Aditya Birla Fashion and Retail Ltd (ABFRL) experienced a significant surge in its share price, jumping by 15% following the company’s announcement of plans to demerge its Madura Fashion & Lifestyle business into a separate listed entity. This move has sparked investor enthusiasm, propelling the share price to an intra-day high of Rs 243.45 on the Bombay Stock Exchange (BSE). The trading session witnessed heavy volumes, with 3 crore shares changing hands, a substantial increase compared to the one-week average.
The proposed demerger aims to create two distinct listed companies, each operating as independent growth engines with unique capital structures and value creation opportunities.
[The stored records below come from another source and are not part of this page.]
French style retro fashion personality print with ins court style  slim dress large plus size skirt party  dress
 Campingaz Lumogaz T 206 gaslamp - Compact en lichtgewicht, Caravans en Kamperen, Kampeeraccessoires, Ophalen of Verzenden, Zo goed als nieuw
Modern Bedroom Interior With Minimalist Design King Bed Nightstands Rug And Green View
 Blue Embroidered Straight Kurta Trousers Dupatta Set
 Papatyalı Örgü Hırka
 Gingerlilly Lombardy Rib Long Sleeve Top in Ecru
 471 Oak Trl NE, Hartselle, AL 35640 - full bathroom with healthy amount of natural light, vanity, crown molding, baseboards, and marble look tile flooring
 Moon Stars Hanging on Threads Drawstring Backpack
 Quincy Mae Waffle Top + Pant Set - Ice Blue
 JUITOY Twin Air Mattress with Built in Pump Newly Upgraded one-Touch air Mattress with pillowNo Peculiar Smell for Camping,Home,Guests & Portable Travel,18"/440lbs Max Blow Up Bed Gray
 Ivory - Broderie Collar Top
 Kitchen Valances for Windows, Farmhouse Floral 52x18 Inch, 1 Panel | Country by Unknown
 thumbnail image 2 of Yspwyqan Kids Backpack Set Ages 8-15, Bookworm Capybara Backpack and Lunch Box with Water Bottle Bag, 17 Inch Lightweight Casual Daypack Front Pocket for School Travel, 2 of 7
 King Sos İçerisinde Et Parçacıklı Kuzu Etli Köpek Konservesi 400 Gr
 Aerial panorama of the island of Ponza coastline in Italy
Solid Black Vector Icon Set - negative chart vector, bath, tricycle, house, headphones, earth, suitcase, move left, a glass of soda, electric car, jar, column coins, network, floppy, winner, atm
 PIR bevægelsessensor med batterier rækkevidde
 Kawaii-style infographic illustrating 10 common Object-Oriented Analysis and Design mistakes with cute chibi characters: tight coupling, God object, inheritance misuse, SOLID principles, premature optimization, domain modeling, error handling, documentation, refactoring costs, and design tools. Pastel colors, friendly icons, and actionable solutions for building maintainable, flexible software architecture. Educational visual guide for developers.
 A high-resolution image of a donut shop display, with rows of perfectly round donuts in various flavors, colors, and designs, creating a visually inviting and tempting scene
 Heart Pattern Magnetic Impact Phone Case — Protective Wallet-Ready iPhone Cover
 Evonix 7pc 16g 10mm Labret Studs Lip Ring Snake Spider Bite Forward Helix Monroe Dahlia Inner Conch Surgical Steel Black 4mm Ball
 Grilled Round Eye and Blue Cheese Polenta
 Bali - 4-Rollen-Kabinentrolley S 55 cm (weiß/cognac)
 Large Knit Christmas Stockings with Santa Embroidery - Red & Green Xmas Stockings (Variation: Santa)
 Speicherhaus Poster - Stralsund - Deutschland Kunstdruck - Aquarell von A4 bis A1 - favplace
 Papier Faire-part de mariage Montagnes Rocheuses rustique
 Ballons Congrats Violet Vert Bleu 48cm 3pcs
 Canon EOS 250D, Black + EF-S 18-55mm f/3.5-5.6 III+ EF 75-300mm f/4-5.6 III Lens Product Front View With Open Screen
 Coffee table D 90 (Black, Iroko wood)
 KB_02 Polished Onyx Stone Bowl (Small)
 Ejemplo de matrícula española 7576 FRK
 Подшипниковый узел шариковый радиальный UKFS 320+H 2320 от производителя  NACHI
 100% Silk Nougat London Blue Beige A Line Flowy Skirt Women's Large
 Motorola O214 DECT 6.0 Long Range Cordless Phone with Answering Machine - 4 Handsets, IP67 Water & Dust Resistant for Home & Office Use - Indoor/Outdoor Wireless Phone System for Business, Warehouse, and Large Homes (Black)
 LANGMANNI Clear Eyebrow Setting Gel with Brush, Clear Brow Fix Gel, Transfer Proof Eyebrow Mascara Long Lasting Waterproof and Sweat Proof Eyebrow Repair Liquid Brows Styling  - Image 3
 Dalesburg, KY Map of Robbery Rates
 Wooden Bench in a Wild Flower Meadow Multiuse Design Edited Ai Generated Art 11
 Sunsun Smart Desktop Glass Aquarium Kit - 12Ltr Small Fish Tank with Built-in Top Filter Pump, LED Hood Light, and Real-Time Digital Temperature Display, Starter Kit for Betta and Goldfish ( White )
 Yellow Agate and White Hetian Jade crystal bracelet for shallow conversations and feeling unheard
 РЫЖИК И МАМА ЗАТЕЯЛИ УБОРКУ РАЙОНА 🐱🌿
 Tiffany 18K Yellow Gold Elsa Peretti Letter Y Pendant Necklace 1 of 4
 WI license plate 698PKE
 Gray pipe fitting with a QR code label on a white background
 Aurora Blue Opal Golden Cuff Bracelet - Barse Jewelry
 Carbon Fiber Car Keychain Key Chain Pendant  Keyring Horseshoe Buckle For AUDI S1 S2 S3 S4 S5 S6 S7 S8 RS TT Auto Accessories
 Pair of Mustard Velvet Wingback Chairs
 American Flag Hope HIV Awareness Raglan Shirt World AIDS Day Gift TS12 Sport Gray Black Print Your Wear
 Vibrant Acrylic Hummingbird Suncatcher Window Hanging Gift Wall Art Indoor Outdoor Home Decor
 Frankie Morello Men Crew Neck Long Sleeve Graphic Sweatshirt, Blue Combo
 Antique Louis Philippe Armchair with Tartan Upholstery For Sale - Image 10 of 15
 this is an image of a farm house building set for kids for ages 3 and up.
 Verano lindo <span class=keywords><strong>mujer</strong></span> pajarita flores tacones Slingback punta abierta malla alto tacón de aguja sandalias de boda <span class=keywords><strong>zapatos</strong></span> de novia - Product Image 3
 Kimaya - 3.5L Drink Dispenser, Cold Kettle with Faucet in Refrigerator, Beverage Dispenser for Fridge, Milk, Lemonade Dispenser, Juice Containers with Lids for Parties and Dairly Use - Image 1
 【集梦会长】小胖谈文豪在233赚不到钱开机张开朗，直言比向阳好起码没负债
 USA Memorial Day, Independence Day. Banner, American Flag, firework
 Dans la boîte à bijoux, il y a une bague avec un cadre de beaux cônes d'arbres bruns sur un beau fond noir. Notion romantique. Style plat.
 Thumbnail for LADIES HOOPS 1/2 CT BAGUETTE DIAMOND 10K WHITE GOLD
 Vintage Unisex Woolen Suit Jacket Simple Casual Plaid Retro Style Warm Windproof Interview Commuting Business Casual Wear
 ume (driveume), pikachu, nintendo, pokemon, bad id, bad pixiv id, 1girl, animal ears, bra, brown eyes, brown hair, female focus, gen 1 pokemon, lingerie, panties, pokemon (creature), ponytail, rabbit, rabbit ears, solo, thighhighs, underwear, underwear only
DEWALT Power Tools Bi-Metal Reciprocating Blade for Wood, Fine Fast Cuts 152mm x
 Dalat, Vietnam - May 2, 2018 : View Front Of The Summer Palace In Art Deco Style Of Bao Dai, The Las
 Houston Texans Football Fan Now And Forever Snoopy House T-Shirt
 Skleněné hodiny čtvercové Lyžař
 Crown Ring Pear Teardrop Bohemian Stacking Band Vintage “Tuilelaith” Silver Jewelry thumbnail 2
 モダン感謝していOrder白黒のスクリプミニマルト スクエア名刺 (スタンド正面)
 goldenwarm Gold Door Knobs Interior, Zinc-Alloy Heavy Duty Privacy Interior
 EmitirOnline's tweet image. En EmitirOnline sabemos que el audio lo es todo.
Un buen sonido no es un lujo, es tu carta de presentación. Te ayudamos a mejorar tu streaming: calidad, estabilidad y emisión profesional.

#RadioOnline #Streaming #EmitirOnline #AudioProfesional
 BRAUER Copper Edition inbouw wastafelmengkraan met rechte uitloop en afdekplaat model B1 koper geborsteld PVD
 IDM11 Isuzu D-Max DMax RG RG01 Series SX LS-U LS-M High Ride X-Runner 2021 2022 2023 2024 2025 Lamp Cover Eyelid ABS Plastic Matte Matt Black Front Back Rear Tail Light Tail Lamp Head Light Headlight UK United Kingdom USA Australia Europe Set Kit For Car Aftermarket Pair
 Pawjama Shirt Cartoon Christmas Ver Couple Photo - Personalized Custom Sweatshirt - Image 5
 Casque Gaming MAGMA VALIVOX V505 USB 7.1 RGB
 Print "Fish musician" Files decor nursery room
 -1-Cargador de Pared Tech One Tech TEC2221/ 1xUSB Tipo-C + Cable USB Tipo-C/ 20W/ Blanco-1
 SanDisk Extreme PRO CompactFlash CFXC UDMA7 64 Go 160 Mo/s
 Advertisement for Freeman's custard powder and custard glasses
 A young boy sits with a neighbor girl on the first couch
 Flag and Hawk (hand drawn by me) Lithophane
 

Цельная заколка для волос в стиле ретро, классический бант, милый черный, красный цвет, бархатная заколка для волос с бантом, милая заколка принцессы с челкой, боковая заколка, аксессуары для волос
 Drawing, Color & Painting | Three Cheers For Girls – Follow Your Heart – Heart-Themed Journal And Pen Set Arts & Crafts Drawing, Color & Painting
ABFRL’s management highlighted that this strategic realignment will enhance long-term stakeholder value and unlock new avenues for growth. The demerger, subject to necessary approvals, will be executed through an NCLT scheme of arrangement, ensuring that all shareholders of ABFRL hold identical shareholding in the newly formed entity.
Post-demerger, ABFRL will focus on high-growth segments, including branded retail, premiumization, luxury brands, and digital-first offerings. The revamped portfolio will encompass value retail, ethnic wear, luxury brands, and digital platforms. Notable brands like Louis Phillippe, Van Heusen, Allen Solly, Peter England, American Eagle, Forever 21, Reebok, and Van Heusen innerwear will form part of the new listed entity.
The company also plans to raise growth capital within 12 months post-demerger to strengthen its financial position and pursue significant growth opportunities. Aditya Birla Fashion’s strategic restructuring underscores its commitment to driving sustained growth, value creation, and shareholder confidence in the evolving retail landscape.